DATA EXCERPT:
= = = = =

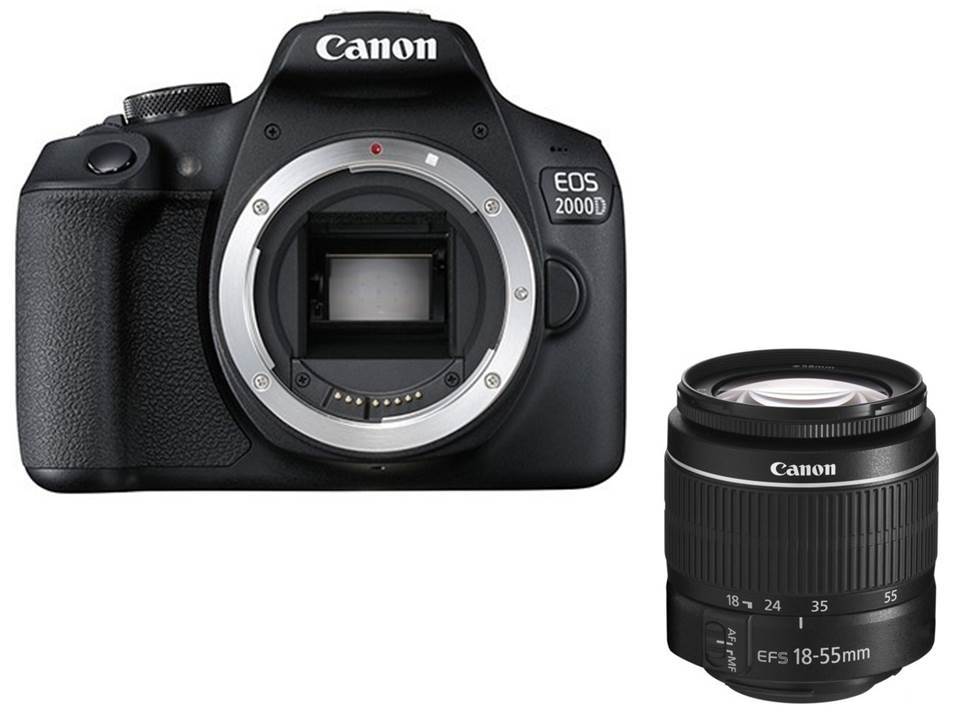 Canon EOS 2000D DSLR Camera with 18-55 III lens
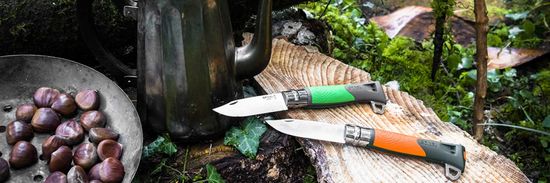 Складной нож Opinel №12 Explore, оранжевый c клинком из стали Sandvik™ 12С27, рукоять Полиформальдегид POM (пластик)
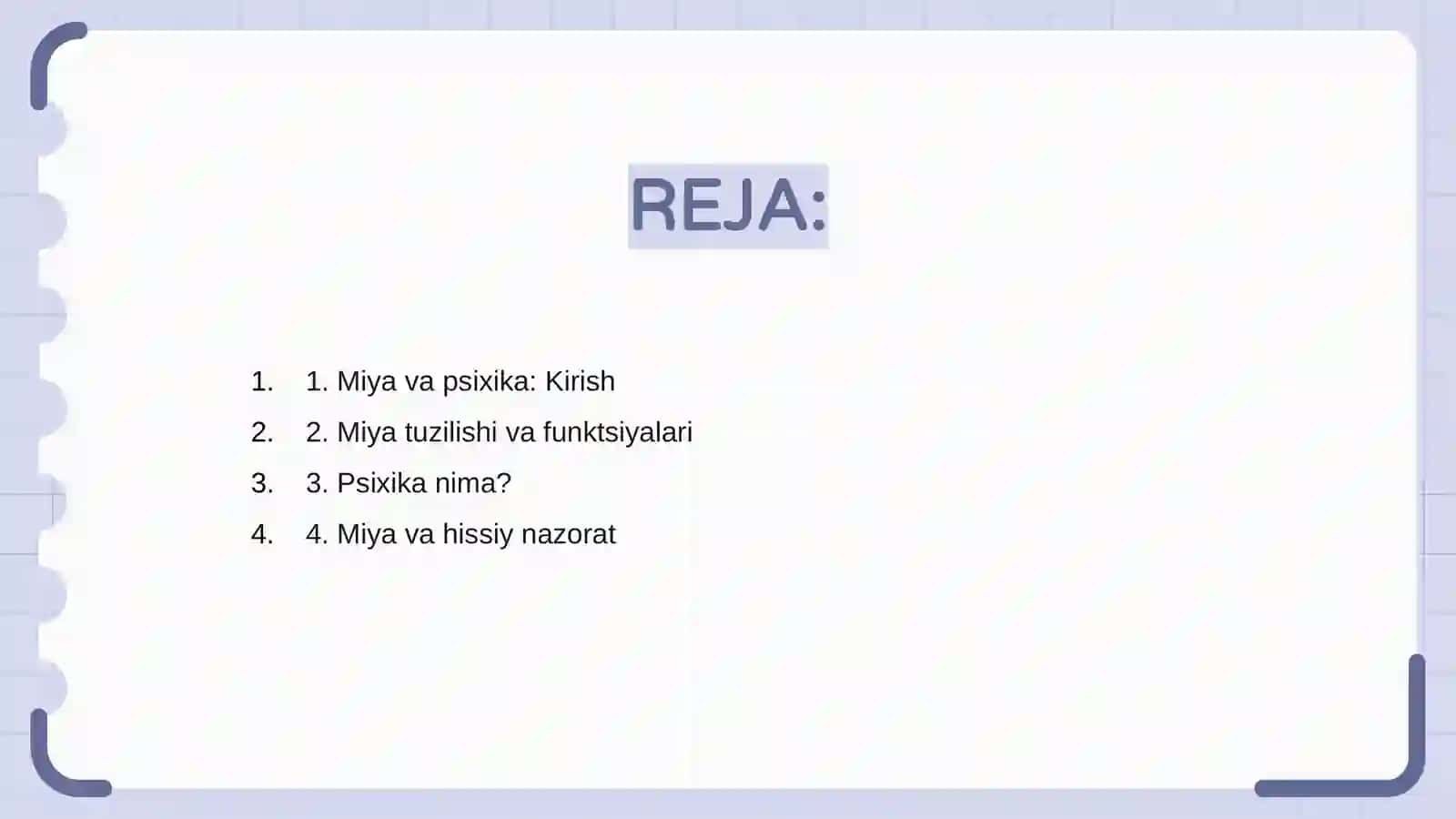 Miya va psixika 2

= = = = =

PROBLEM STATEMENT:
Copy exactly, please, the lines that run from the line holding "Складной нож Opinel" through the closing line of the material above, omitting every picture.

TASK OUTPUT:
 Складной нож Opinel №12 Explore, оранжевый c клинком из стали Sandvik™ 12С27, рукоять Полиформальдегид POM (пластик)
 Miya va psixika 2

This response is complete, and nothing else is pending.